En todo caso, hay costes subsidiarios – no relacionados directamente con el rescate – en la medida que la víctima debe informar a las autoridades, que podría caerle una multa, sin contar con la obligación de dar cuenta a los clientes cuyos datos han sido comprometidos. Por tanto, el incidente no podrá darse por concluído sin una sólida campaña de relaciones públicas.

La confluencia de los factores de frecuencia y gravedad de los ciberataques extorsivos con la mayor supervisión a que han dado pie, explican un cambio radical en la evaluación del riesgo de sufrirlos. Las consecuencias obvias son un aumento del precio y un descenso en la cobertura disponible: durante el primer trimestre de 2020, sólo una décima parte de los brokers en Estados Unidos informó de un descenso en su capacidad de cobertura de estos riesgos; un año después, la proporción había subido a siete de cada diez.

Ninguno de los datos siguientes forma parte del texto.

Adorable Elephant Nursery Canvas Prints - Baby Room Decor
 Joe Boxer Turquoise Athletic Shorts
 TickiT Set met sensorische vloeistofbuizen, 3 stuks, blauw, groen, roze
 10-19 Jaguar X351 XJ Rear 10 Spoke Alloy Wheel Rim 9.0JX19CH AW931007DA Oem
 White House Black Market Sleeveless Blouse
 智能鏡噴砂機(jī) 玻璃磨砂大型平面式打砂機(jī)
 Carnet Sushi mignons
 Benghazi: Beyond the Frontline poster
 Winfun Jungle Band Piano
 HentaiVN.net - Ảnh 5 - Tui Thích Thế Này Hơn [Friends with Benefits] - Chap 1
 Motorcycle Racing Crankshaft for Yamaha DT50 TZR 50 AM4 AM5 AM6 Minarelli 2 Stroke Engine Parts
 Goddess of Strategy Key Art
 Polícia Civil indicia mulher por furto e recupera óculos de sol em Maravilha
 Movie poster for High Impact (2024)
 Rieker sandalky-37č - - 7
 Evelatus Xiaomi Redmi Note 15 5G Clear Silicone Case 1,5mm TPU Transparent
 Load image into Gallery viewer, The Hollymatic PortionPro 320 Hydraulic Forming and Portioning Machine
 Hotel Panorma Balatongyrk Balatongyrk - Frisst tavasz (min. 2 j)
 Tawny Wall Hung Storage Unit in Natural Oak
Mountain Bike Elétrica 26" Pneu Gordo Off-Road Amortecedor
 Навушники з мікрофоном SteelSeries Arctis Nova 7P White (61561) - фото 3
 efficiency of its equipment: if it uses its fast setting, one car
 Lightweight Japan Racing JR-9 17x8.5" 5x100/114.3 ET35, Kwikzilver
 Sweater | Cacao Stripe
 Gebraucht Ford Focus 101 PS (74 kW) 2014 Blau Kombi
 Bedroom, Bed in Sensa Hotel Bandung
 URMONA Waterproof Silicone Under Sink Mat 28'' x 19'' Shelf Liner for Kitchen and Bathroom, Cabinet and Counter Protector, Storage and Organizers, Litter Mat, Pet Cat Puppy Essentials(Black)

En estas condiciones, es obvio que las empresas quieren contratar pólizas. En Estados Unidos – fuente primordial del estudio – sólo el 7% de las corredurías no está viendo un aumento de la demanda y sólo el 27% dice no haber experimentado una disminución de la oferta por parte de las compañías de seguros. Con lo que las aseguradoras han procedido a cambiar las condiciones y a encarecer las primas.

Para acceder a uno de estos seguros, hay que cumplir unos requisitos más y más exigentes. A las empresas que han implementado medidas de seguridad insuficientes, se les recortan las coberturas o bien se las rechaza. El endurecimiento también tiene costes silenciosos, ya que se hace necesario contratar expertos que auditen las medidas que haya tomado la empresa asegurada. Antes de lo que pase, por supuesto, pero también después, para cerciorarse de que será posible una recuperación rápida y completa de los datos.

Por todo ello, en este riesgo específico se constata uno de los aumentos de tarifas más elevados de todo el mercado asegurador. Son hoy casi un 50% más caras que las vigentes en 2019. En junio de este año, fecha de cierre del informe, las tarifas habían aumentado un 30% sobre el mismo mes de 2020. El estudio deja traslucir el pronóstico de que el reajuste, junto con un mayor rigor en los requisitos, puedan abrir la puerta a un modelo de seguros por suscripción.